Ahh, excellant, those two traces show that when the cursor gets stuck, we've switched into relateive pointer mode. This explains why I've not been able to reproduce.
Created attachment 317679 [details] Allow ungrab if pointer is grabbed There was logic added in 0.3.7 which turned off the Ctrl+Alt grab/ungrab handling if running in absolute pointer mode. While this was fine if you started up the VNC client and it was already in absolute mode, it was broken if the server transitioned from relative to absolute mode while the pointer was already grabbed. The fix is to always allow the ungrab sequence to be processed if holding an active grab.
gtk-vnc-0.3.7-2.fc9 has been submitted as an update for Fedora 9. http://admin.fedoraproject.org/updates/gtk-vnc-0.3.7-2.fc9
Okay, I confirmed that 0.3.7-2 fixes the issue, however there is another bug I'm hitting now (less severe though). As guest is starting up, I can grab and release pointer no problem (as stated in previous comments.) Once the log in screen is reached though, I can only grab and release the pointer _once_. After that, the pointer will not grab again. Same for both virt-manager and virt-viewer.

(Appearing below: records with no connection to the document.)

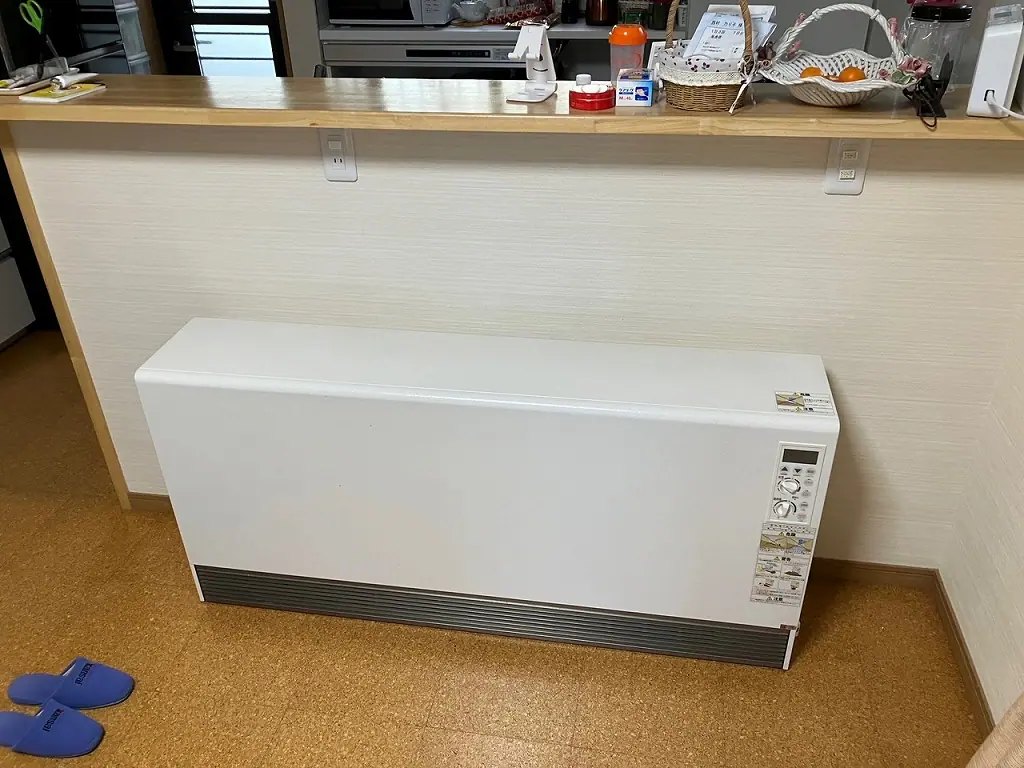 蓄熱暖房機 撤去 | 姫路市・加古川市周辺でおしゃれな注文住宅を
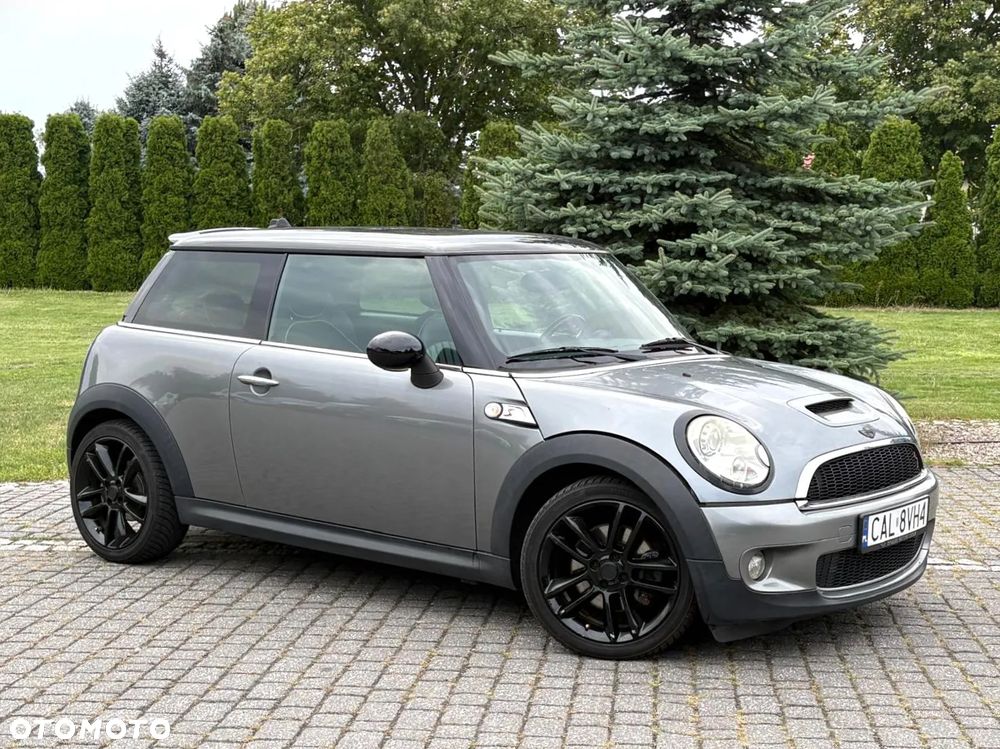 MINI Cooper S 50 Mayfair - 6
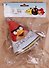 ЕВРОПА  МФ ПОИСК Колпак Angry Birds/Энгри бёрдз" набор 6шт. в блистере 2001-2690" - 1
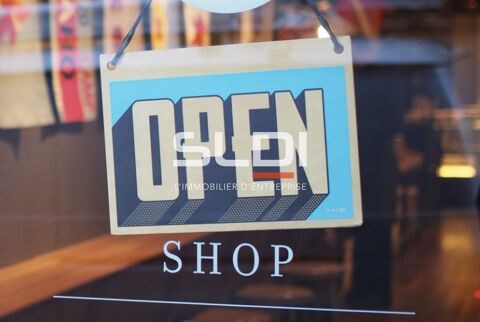 Locaux commerciaux - A LOUER - 85 m² non divisibles 3750 69002 Lyon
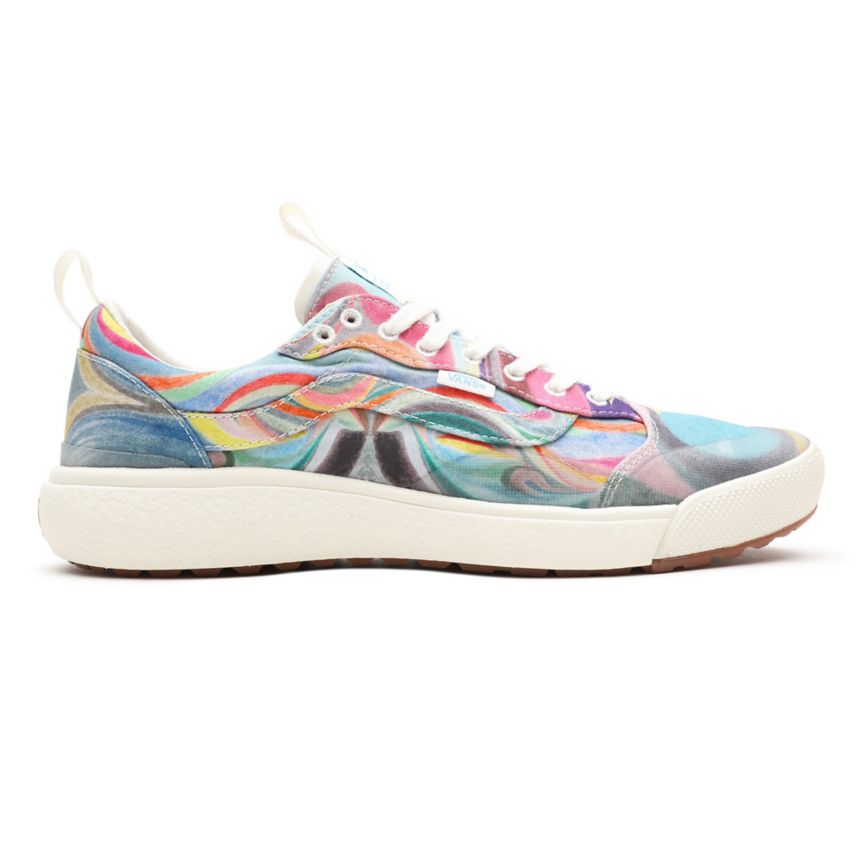 Vans X Chris Johanson UltraRange EXO SE Multicolor | VN501E0OO54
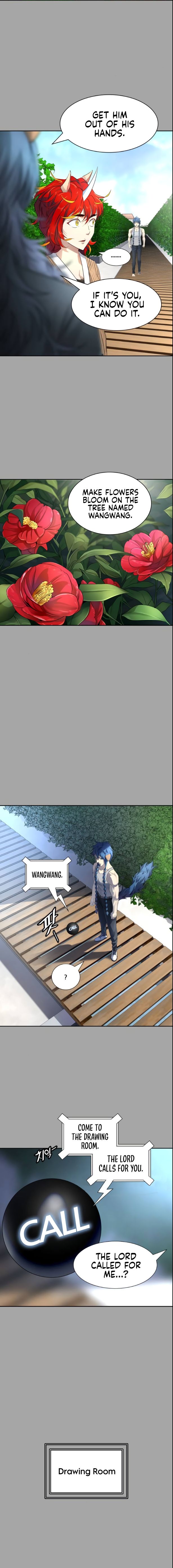 Tower of God Chapter 527 image 34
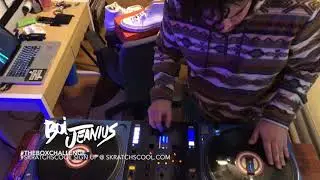 Boi Jeanius - The Box Challenge #TheboxChallenge #SkratchSchool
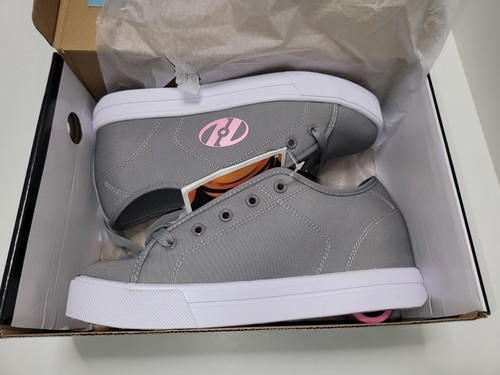Heelys grey pink - &, up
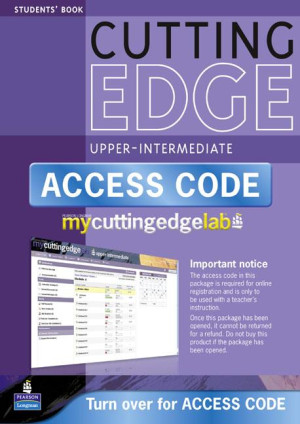CUTTING EDGE NEW UPP-INT SB CD ROM NOWA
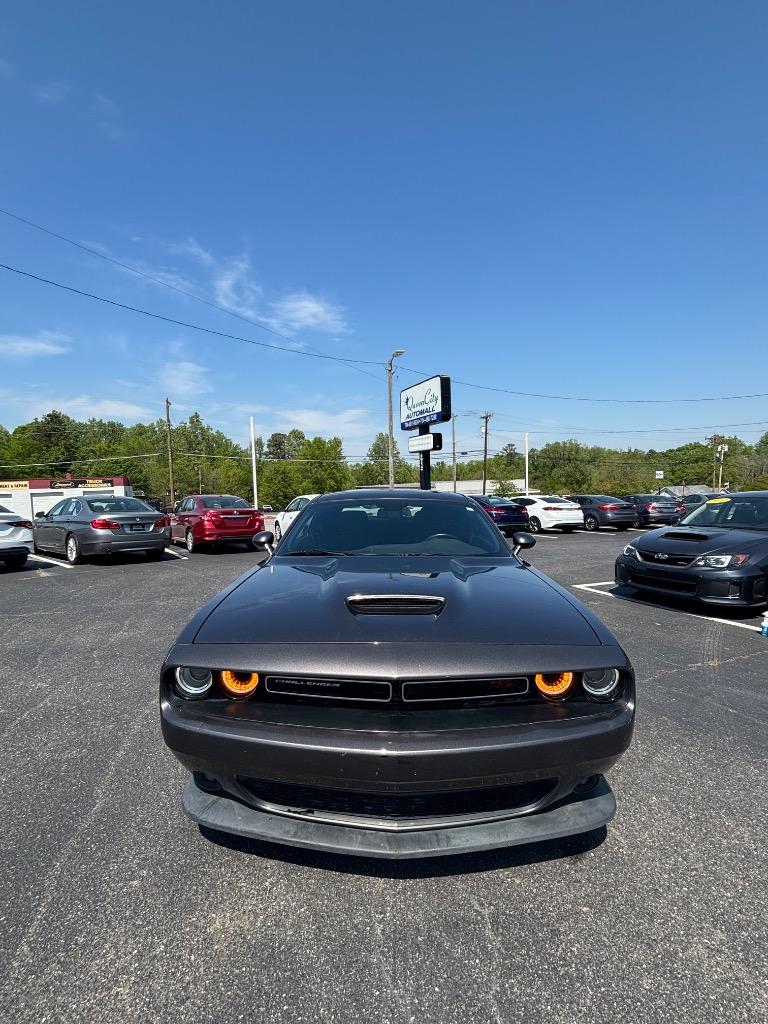 2019 Dodge Challenger R/T photo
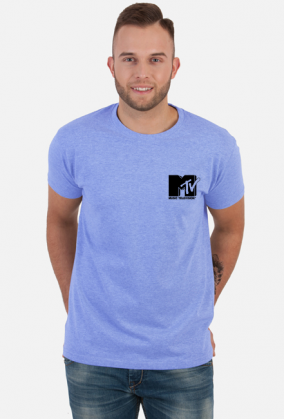 T-shirt MTV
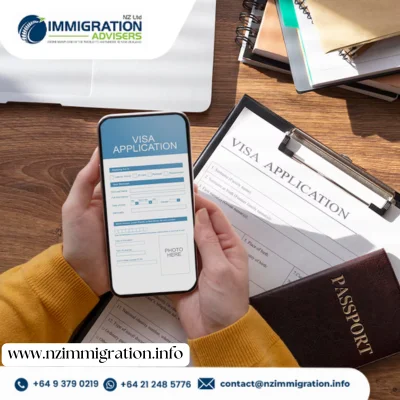 Work Permit New Zealand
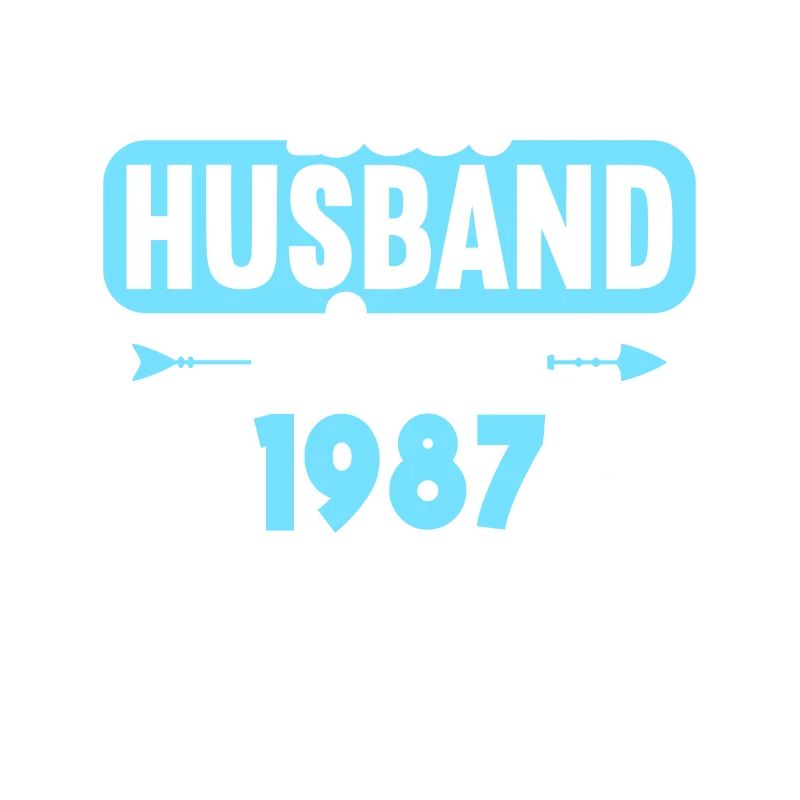 Beste Ehefrau Bester Ehemann seit 1987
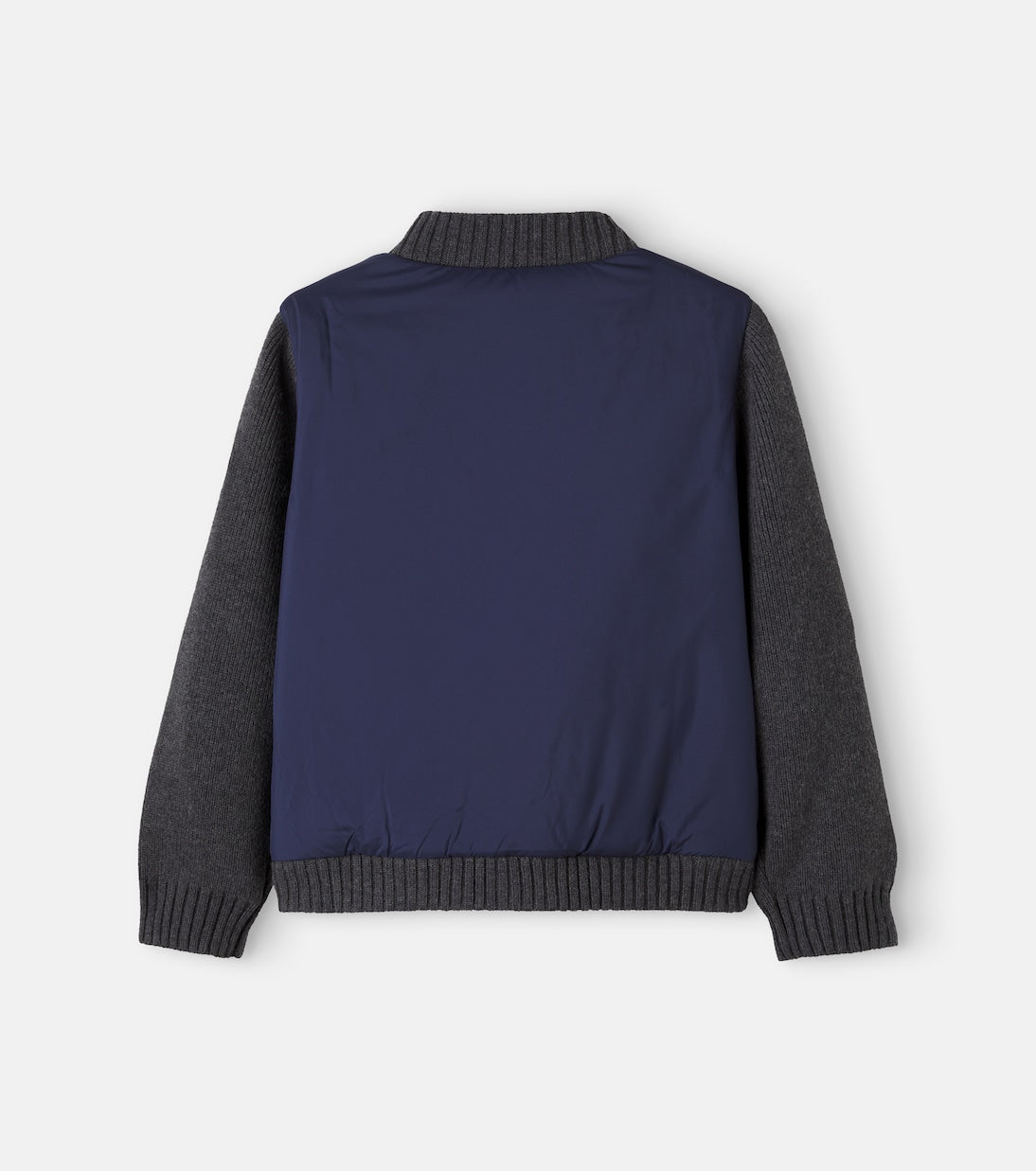 Bonpoint - Marcellino wool and cotton-trimmed jacket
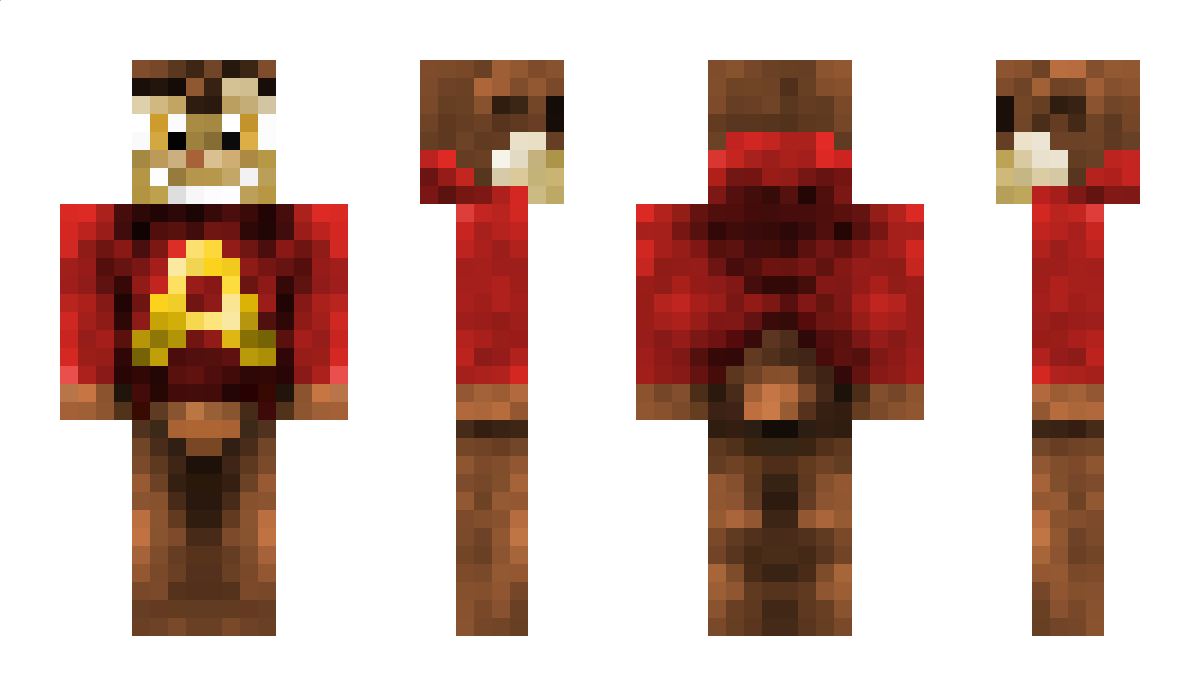 Alvin_Seville_97 Minecraft Skin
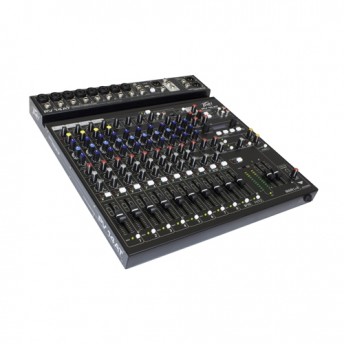 Peavey PV Series PV-14AT Compact 14-Channel Mixer with Bluetooth & Auto-Tune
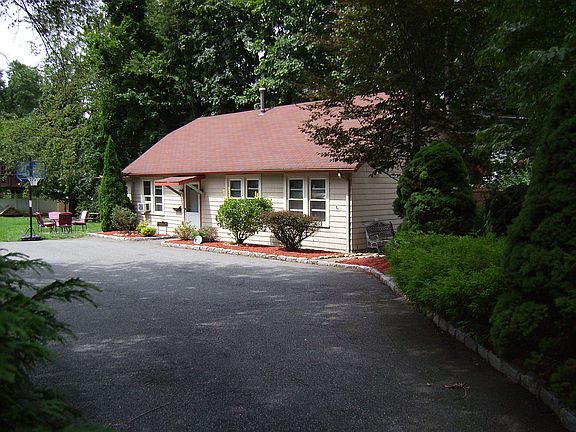 Parking for 2 in driveway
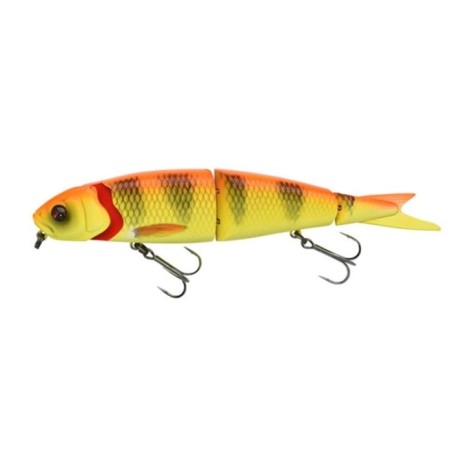Wobler Savage Gear 4PLAY CL SWIM N JERK 19cm - Golden Ambulance Wobler Savage Gear 4PLAY CL SWIM N JERK 19cm - Golden Ambulance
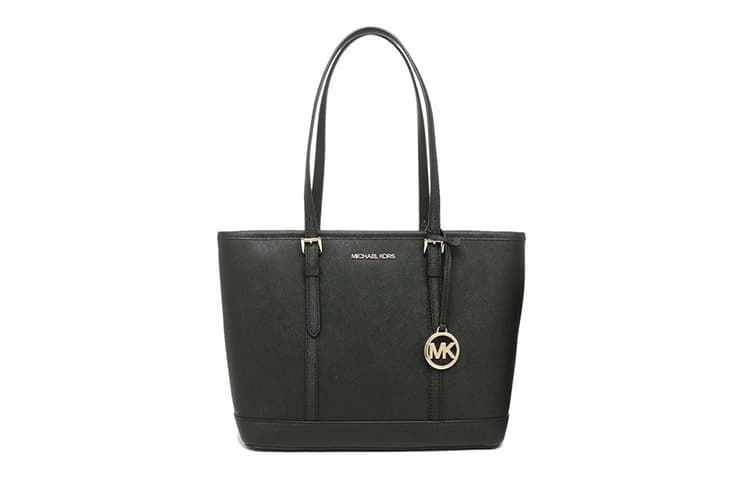 MICHAEL KORS 迈克高仕 Michael Kors Jet Set Travel Black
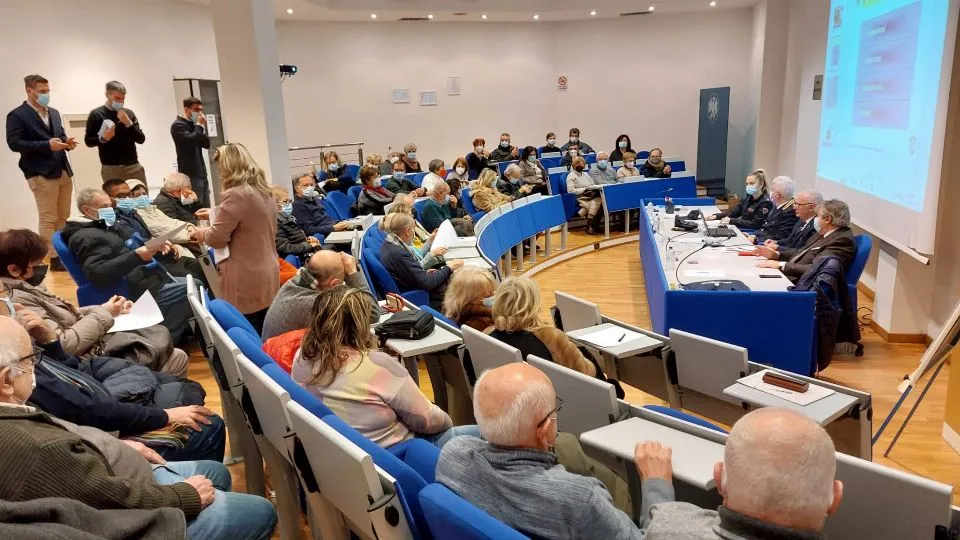 l’incontro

I thing that is probably the correct behaviour. If you run with gtk-vnc debugging enabled, you should see it start out with a message (virt-viewer:1917): gtk-vnc-DEBUG: FramebufferUpdate(-257, 0, 0, 720, 400) which indicates it is in relative mouse motion mode. When in relative mode, we allow mouse pointer grabbing because this is neccessary to get correct motion tracking with relative pointers. I suspect that you will later be seeing a (virt-viewer:1917): gtk-vnc-DEBUG: FramebufferUpdate(-257, 1, 0, 720, 400) indicating that it has switched to absolute pointer mode. When this happens, host + guest pointers are all running absolute mode, so there is 1:1 motion tracking, and thus mouse pointer grabs are no longer required. Hence we disable them. The patch was to allow ungrabs only, if we switched from relative to absolute mode while a grab was active. Once in absolute mode no more pointer grabbing is done.
I just installed gtk-vnc-0.3.7-2.fc9 for x86_64 from koji. Works great. Less annoying. :-)
gtk-vnc-0.3.7-2.fc9 has been pushed to the Fedora 9 stable repository. If problems still persist, please make note of it in this bug report.